Treinamento e faturamento
Para resolver a questão dentro da fazenda, os funcionários devem ser convocados a trabalhar de forma menos agressiva, calma, respeitando os animais. A participação do proprietário no processo muitas vezes ainda está aquém do necessário, visto que são poucas as fazendas que oferecem benefícios aos tratadores pela melhoria do produto carne. Por vezes, até evitam que tenham acesso a informações que lhes permitam entender a mudança.
Pesquisa da consultoria Flor de Leles, de Goiás, realizada em uma fazenda com 5.000 animais durante um ano, comprovou que treinamento e manejo adequado geram resultado. Após a mão de obra ser treinada para o manejo racional, os animais tiveram ganho extra médio de uma arroba no peso. O rendimento de carcaça também aumentou, passando de 53,4% para 56%.
As pesquisas comprovam que rebanho bem cuidado paga mais. Ou melhor: reses maltratadas fazem o produtor perder dinheiro.
O primeiro cálculo é simples e objetivo. Se a estrutura da fazenda for mal feita, o gado pode sofrer contusões, pancadas, escoriações, entre outros.
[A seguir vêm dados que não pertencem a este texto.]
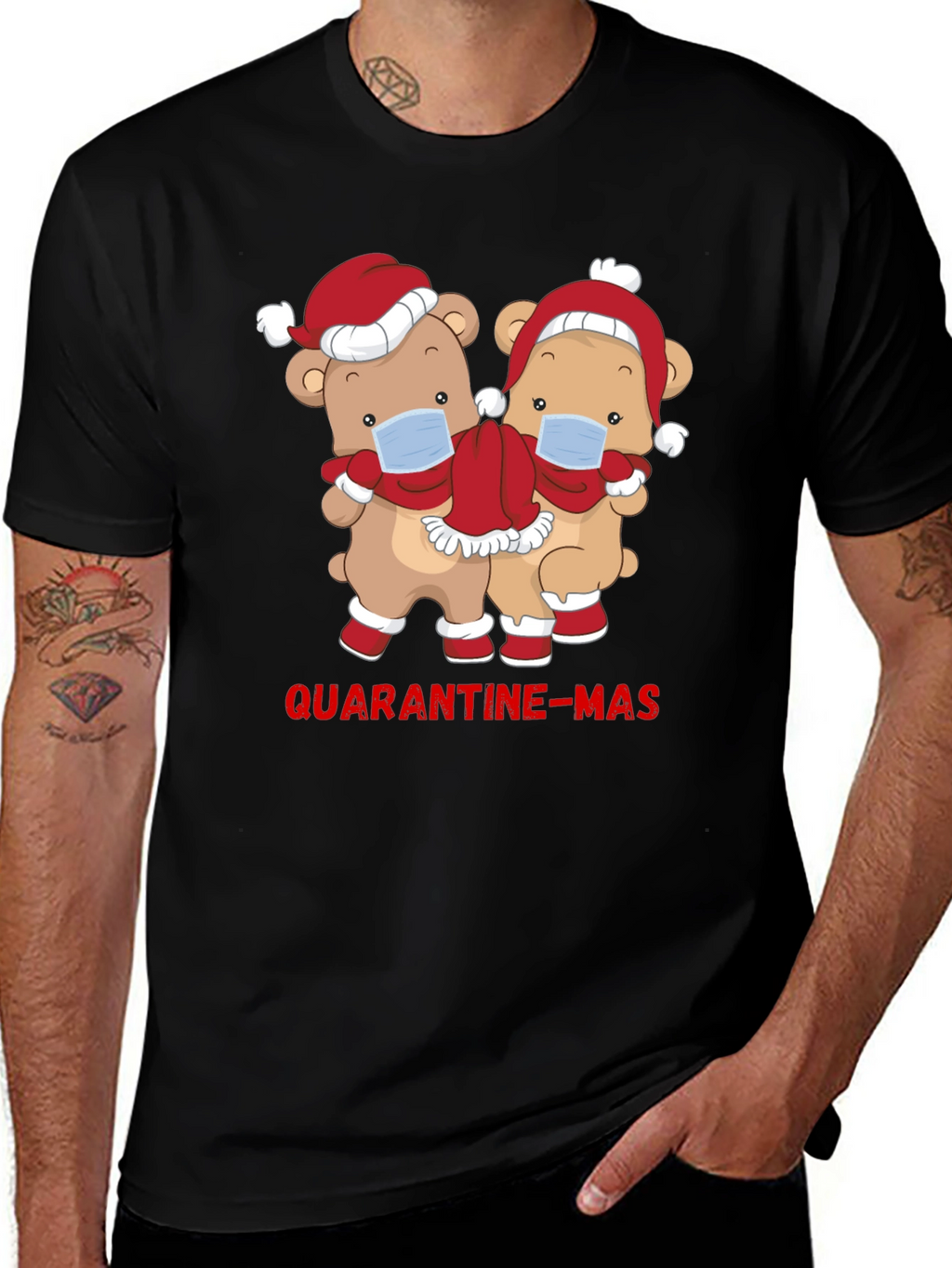 Quarantine-Mas Bear Graphic T-Shirt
A lesão faz o animal alimentar-se mal e emagrecer, ou engordar menos do que a maioria. O criador, então, se vê obrigado a reformar as instalações, e no fim acaba gastando mais do que se tivesse investido de modo correto anteriormente. Mas é preciso que a mão de obra esteja treinada para utilizar a estrutura do curral com o mínimo de estresse possível para o animal.
Apesar das possíveis falhas no curral, o manejo é o grande responsável pelo prejuízo oriundo do descarte de carne no frigorífico. Não é raro encontrar fazendas com infraestrutura excelente, mas cujos resultados não são tão bons quanto o esperado. As práticas errôneas na lida com o gado acabam provocando mais lesões do que o próprio curral.
Grito e choque dão prejuízo
O uso indiscriminado de gritos, choques e laços, além de pancadas, bastões e até pedras só resulta em ferimentos que, mais tarde, serão descartados no frigorífico. É comum a indústria pagar menos pela carcaça justamente por causa dos descartes decorrentes do manejo incorreto.
É comum a indústria pagar menos pela carcaça por causa dos descartes decorrentes do manejo incorreto
A lida convencional, presente ainda em boa parte das fazendas, é um dos fatores que mais prejudicam a qualidade final da carcaça. Em contrapartida, é o ponto mais barato de se resolver, afinal, mudança de atitude não custa nada.
No entanto, o treinamento precisa ser constante para que antigos erros não voltem à tona. Depoimentos de pecuaristas que investiram em treinamento da mão de obra para a implantação do manejo racional mostram os reflexos reais da mudança de atitude no rendimento da atividade.
Recorrer a treinamentos e conhecer fazendas que aplicam o bem-estar animal é gratificante a quem planeja deixar de gastar mais e receber menos em virtude dos métodos aplicados em sua fazenda. Uma visita a fazendas que já usam as boas práticas pode mostrar ao vaqueiro como o gado responde sem o uso de violência.
Ganhando dos dois lados
Com manejo adequado, o produtor pode ganhar dos dois lados. Da porteira para dentro, consegue produzir com mais eficiência, diminuir gastos, engordar o gado mais rapidamente e produzir uma carcaça com rendimento melhor, além de melhorar a qualidade do trabalho de quem está na lida. Da porteira para fora, pode negociar melhores condições com o frigorífico, já que está entregando um produto com qualidade acima da média.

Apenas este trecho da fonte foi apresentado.